*** RECORDS TO USE ***

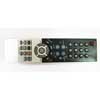 ,   :     SAM AA59-00370A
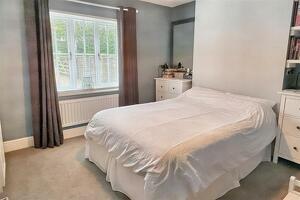 Picture #5 of Property #1213372641 in Ringwood Road, St. Ives, Ringwood BH24 2NX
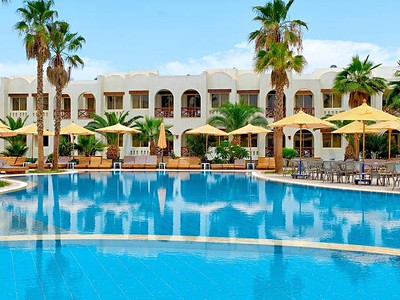 Amphoras Aqua (ex. Shores Golden)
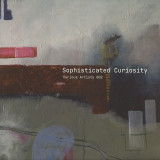 Sophisticated Curiosity - Various Artists 002
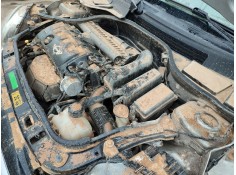 Recambio de motor completo para mini mini (r56) one referencia OEM IAM    2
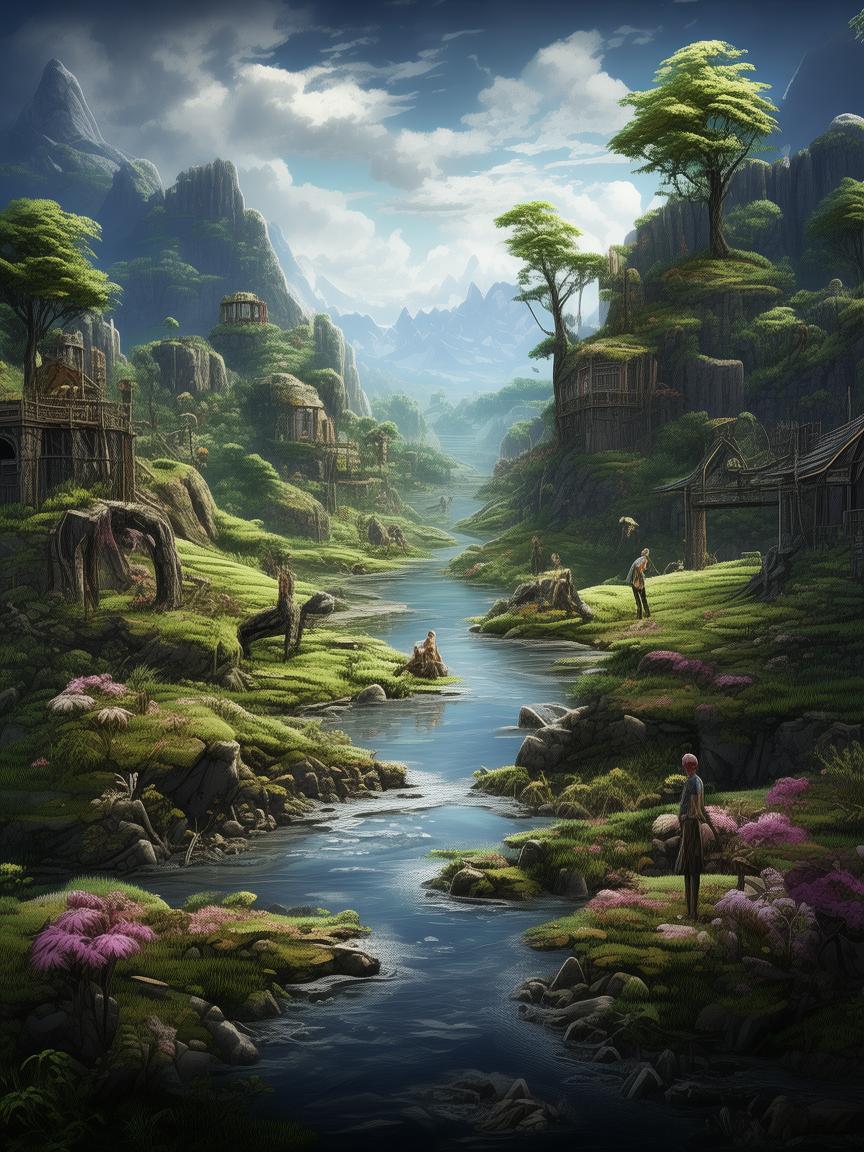 java传奇手游-java传奇手游：哪款最经典？插图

***

WHAT IS EXPECTED — Give the records a second time exactly, keeping the images out.

RESPONSE —
 ,   :     SAM AA59-00370A
 Picture #5 of Property #1213372641 in Ringwood Road, St. Ives, Ringwood BH24 2NX
 Amphoras Aqua (ex. Shores Golden)
 Sophisticated Curiosity - Various Artists 002
 Recambio de motor completo para mini mini (r56) one referencia OEM IAM    2
 java传奇手游-java传奇手游：哪款最经典？插图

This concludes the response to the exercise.